### Material for this task:
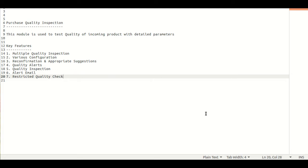In this video we will see about our module that is Purchase Quality Inspection. As the name suggests, this module is basically used to do quality testing for incoming products with detailed parameters. We can define multiple quality inspections for different kinds of configurations and parameters. Various kinds of configurations are provided for less detail and more detail quality testing. We can also give recommendations, appropriate suggestions, and write down notes regarding quality control points. We can also generate quality alerts, and there are two options: manual quality alerts as well as automatic quality alerts.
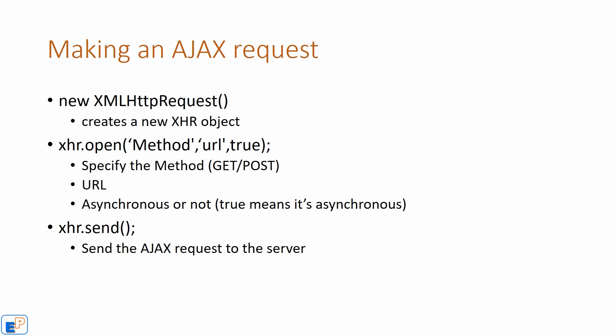And once you have that set up, you send the request. You do XHR.send, which is a method of XMLHttpRequest, and sends a request to the server. These are the three things you need to work with AJAX. That's all you need. It's pretty simple. There are other things that you would need to do.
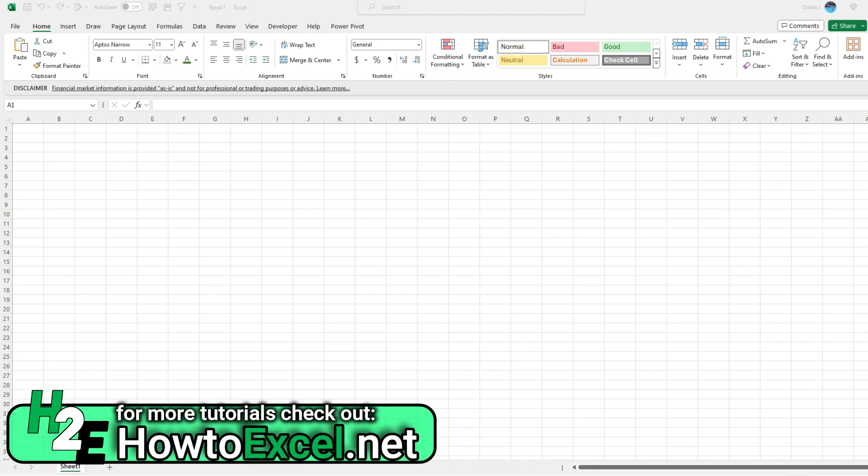In today's video, I'm going to show you how you can calculate stock correlations in both Microsoft Excel and Google Sheets. You may already know that you can pull stock prices in both Excel and Google Sheets, but I'm going to show you how you can take it one step further and quickly calculate correlations in just one simple formula.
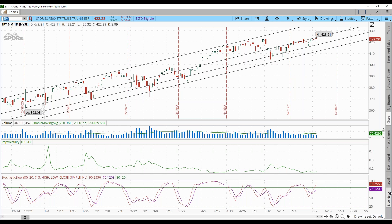A lot of people think credit spreads are time spreads — they're absolutely not. A time spread would be a calendar spread, maybe a butterfly or iron condor. Those are time spreads where the driver is theta, and you deal with positive or negative vega, with a delta-neutral position. Credit spreads are directional spreads — you are directionally biased.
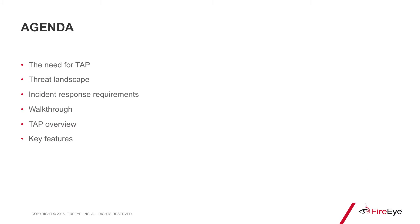Hello and welcome to the FireEye Threat Analytics Platform or TAP. My name is George Sanford and I'm a senior engineer with the FireEye TAP team.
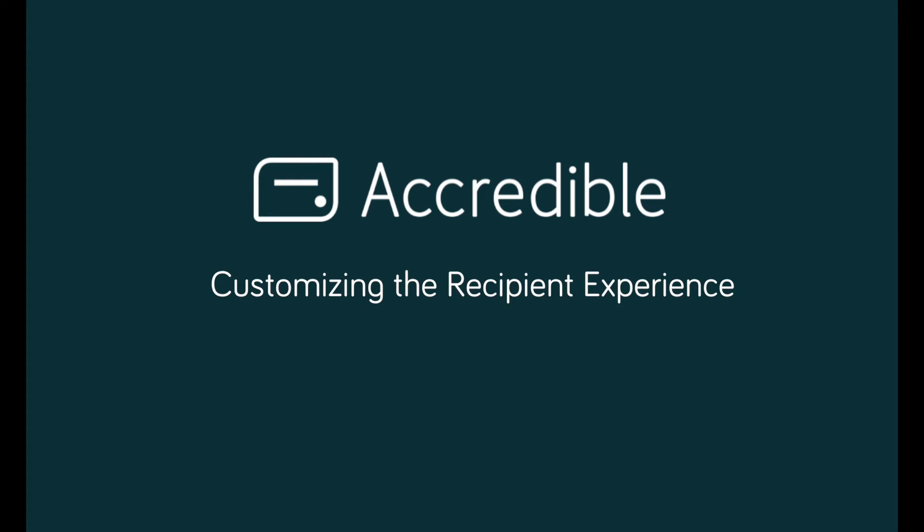In this video I'm going to take you through an update to the way issuers can manage the recipient credential experience. You now have much greater control over how your recipients can interact with their credentials.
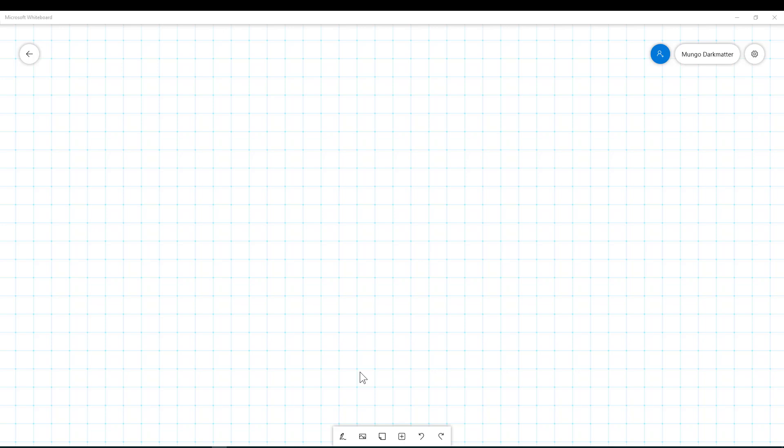Hey everybody, Mungo Dark Matter here and today I'm going to show you how to use Microsoft Whiteboard. If you need to download this application, it's free online.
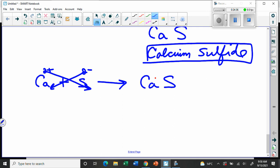These are called ionic compounds, and another name for them is salts. We're going to do another video shortly, after a break, about some of the properties of these compounds.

### What the exercise asks:
In the data above, take the line with "And once you", the line with "A lot of people", and every line between, and set them down exactly without pictures.

### Exercise result:
And once you have that set up, you send the request. You do XHR.send, which is a method of XMLHttpRequest, and sends a request to the server. These are the three things you need to work with AJAX. That's all you need. It's pretty simple. There are other things that you would need to do.
In today's video, I'm going to show you how you can calculate stock correlations in both Microsoft Excel and Google Sheets. You may already know that you can pull stock prices in both Excel and Google Sheets, but I'm going to show you how you can take it one step further and quickly calculate correlations in just one simple formula.
A lot of people think credit spreads are time spreads — they're absolutely not. A time spread would be a calendar spread, maybe a butterfly or iron condor. Those are time spreads where the driver is theta, and you deal with positive or negative vega, with a delta-neutral position. Credit spreads are directional spreads — you are directionally biased.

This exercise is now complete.